Lenovo Yoga Pro 9i Laptop Review: Great Performance, Killer Display
ATTO Disk Benchmark
We began our testing with a quick sanity check using ATTO’s disk benchmark tool. The Yoga Pro 9i is equipped with a M.2 2280 SK Hynix PCIe4 NVMe SSD and ATTO measures read/write bandwidth and IOPS across different data sizes.

The 1TB SSD in the Yoga Pro 9i offers strong sequential performance, in-line with some top PCIe Gen 4 drives.

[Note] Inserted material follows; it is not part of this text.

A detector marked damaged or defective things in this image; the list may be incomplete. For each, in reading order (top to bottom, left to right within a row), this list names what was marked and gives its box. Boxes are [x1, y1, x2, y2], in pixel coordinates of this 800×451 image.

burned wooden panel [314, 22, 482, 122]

In practice, in the real-world, this machine feels snappy and responsive and its SSD performance is more than adequate.
Speedometer 2.0 Browser Benchmark
According to BrowserBench's website, its Speedometer browser test "measures the responsiveness of Web applications. It uses demo web applications to simulate user actions such as adding to-do items." Using the latest Google Chrome, multiple samples were taken using the test, which loads and runs a few sample web apps from ToDoMVC.com which uses popular web development frameworks such as Ember.js, Angular, React, and JavaScript.

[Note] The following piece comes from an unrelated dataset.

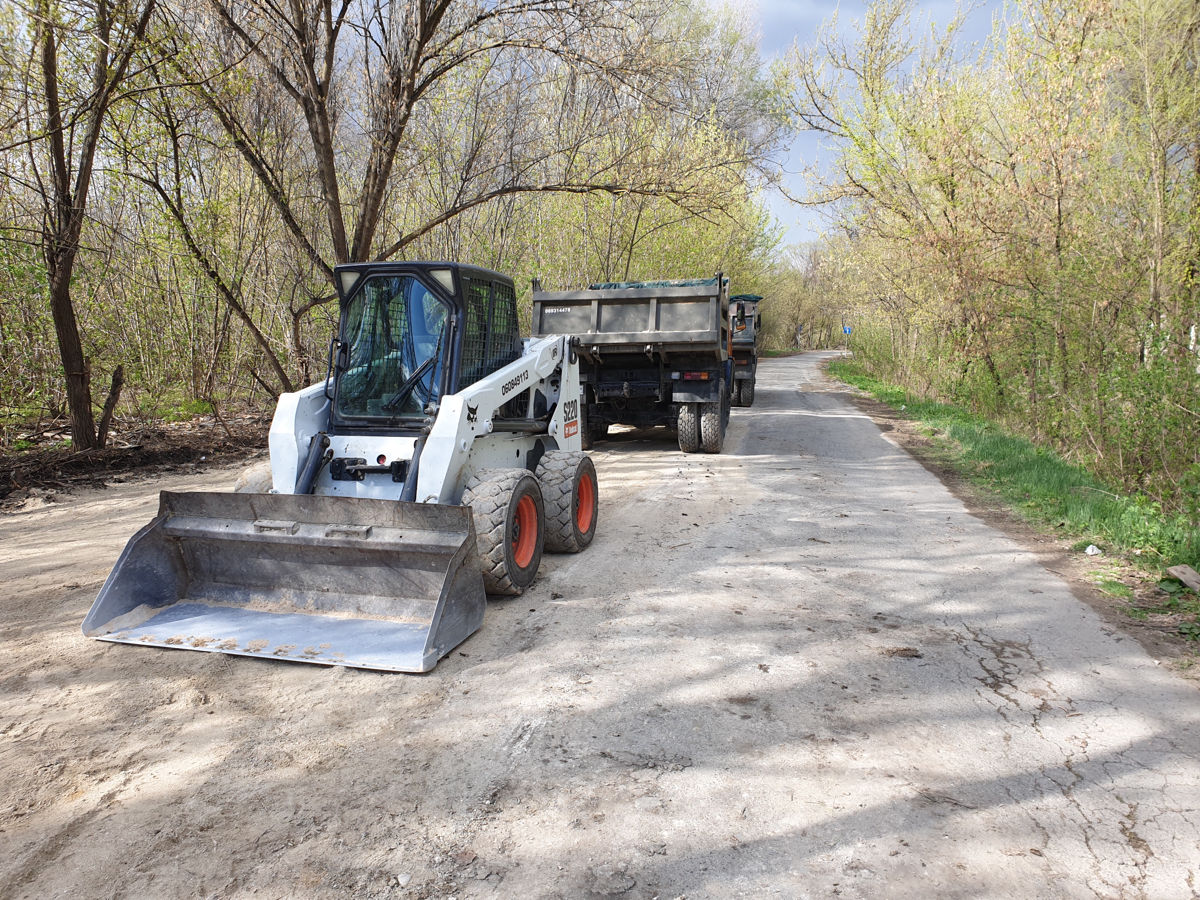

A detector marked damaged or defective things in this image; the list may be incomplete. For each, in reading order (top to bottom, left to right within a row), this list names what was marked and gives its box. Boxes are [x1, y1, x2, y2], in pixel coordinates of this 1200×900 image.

cracked asphalt [0, 350, 1195, 897]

Shockingly here, the Yoga Pro 9i fell behind even a Core Ultra 7 machine like the MSI Prestige 16. That said, regular users will likely never face problems while browsing the web or using web apps (which this test is a good barometer of). In fact, overall browsing was quick and responsive throughout our time with this 16-inch Lenovo laptop.
Cinebench Rendering Benchmarks
Here we utilized Maxon's popular Cinebench R23 3D rendering benchmark tool to run single- and multi-thread tests on the Yoga Pro 9i.
For a high-end Core Ultra 9 machine, it's interesting that in single-thread processes the Lenovo Yoga Pro 9i isn't at the top. In this case, it trails behind a Core Ultra 7-powered MSI Prestige 16. Nonetheless, the newer Intel chipset makes up for it with multi-threaded scores that are nothing to be ashamed of. These kinds of repeatable results bode well for heavy graphics and media rendering workflows.

As a follow-up, we ran the newer Cinebench 2024. Again, the Lenovo narrowly looses out to the Core Ultra 7-equipped MSI in single-threaded numbers, plus barely piping it out in the multi-threaded score. Intel Meteor Lake machines like this still have a way to go to catch up to Apple's M chips, however.
Geekbench Benchmarks
Geekbench is commonly used to simulate real world processing workloads in image processing, compression and decompression, and particle physics scenarios, among others. Both single- and multi-core workloads were tested using Geekbench 5.
This is a very strong showing from the Yoga Pro 9i, even if the scores doesn't necessarily blow the socks off the competition. Still, the Geekbench test puts the Lenovo in first place for multi-core and second place in single-core.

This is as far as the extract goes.